The country's power consumption and steel and auto output saw a slower decline or a rebound in the January-February period, said the Industry and Information Technology Minister Li Yizhong at a press conference on the sidelines of the annual session of the National People's Congress, China's legislative body.
The volume of power consumption in China continued to dip in the first two months of this year but the downward pace was slower, said Li.
Combined power use in January and February fell 3.7 percent from the same period of last year, compared with a year-on-year drop of 17.5 percent last November and 8.7 percent in December, Li said.
When replying to a journalist seeking his comment on a reported 4 percent year-on-year rise in February power use, Li said the figure was yet to be formally released by the National Bureau of Statistics (NBS) but "the 4 percent figure was generally right".
However, the monthly rebound in February was not comparable, as the Spring Festival holiday, which subdues industrial activity, fell in February last year but in January this year, said Li.
The "obviously slowed slump" shows "some positive signs" have emerged in the economy but the situation remains "grim" and the industrial sector is still "in a very difficult situation", he said.
"We must not treat the difficulties lightly or easily talk about a recovery," said Li.
Other indicators pointing to a warming-up industrial production include a year-on-year increase of 2.4 percent in unprocessed steel output for the January-February period and 3.1 percent in steel products output, said Li.
Unprocessed steel output dropped 10.5 percent year on year to 37.8 million metric tons in December, NBS figures show.
Li also said auto production slid 1.7 percent in the January-February period from the same period last year to 1.53 million units, a much slower contraction.
The NBS data show auto output plummeted 18.9 percent year on year to 686,000 units in December last year.

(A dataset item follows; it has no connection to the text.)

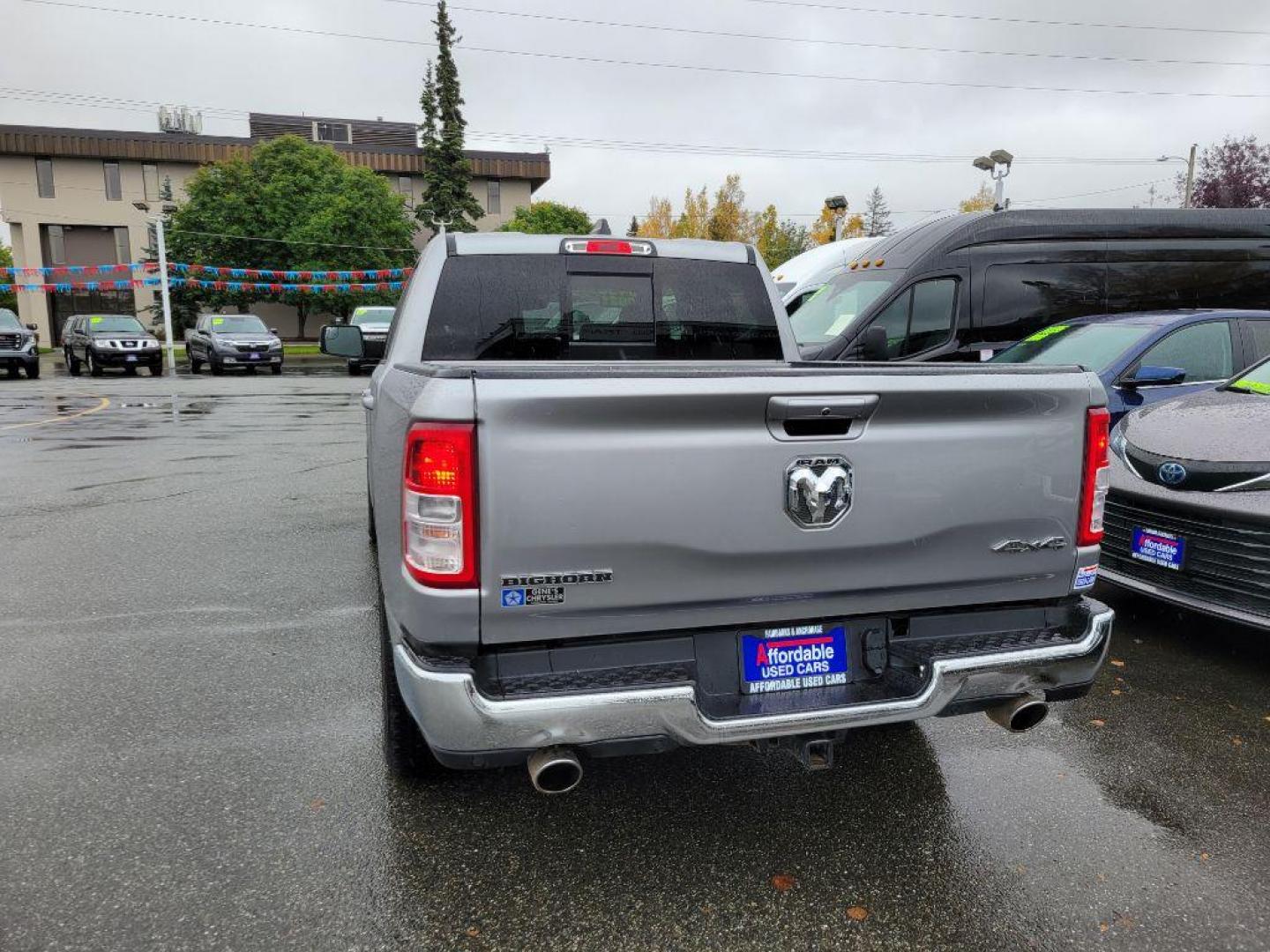 2021 SILVER RAM 1500 BIG HORN/LONE STAR (1C6SRFFT7MN) with an 5.7L engine, Automatic transmission, located at 929 East 8th Ave, Anchorage, AK, 99501, (907) 274-2277, 61.214783, -149.866074 - Photo#2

The stockpiles of iron ores, crude oil and other raw materials have been used up, said Li.
While there have been positive signs in China's economy, the country is still facing a serious situation, said Li.
He quoted Commerce Minister Chen Deming as saying "the global financial crisis has not bottomed out and its impact is deepening on China".
Meanwhile, many Chinese industries face the problem of oversupply and prices may go down again as enterprises start to resume production, said Li.
China's consumer price index, a main gauge of inflation, fell to minus 1.6 percent year on year in February, while the producer price index measuring inflation at a wholesale level fell 4.5 percent year on year, the NBS said on Tuesday.
The February figure did not represent a deflation problem in China, since the money supply was ample because of the proactive fiscal policy and the relatively easy monetary policy, the NBS said.
China's industrial output growth slowed to 5.7 percent year on year in December last year, compared with 16 percent last June, as the financial crisis took a toll, said Li.
The government has announced 20 billion yuan (US$2.9 billion) of interest subsidies for loans to fund technological upgrading in enterprises to help them better cope with the crisis.
The input can spur bank lending and enterprises' spending and eventually leading to a total investment of more than 400 billion yuan for technological upgrading, said Li.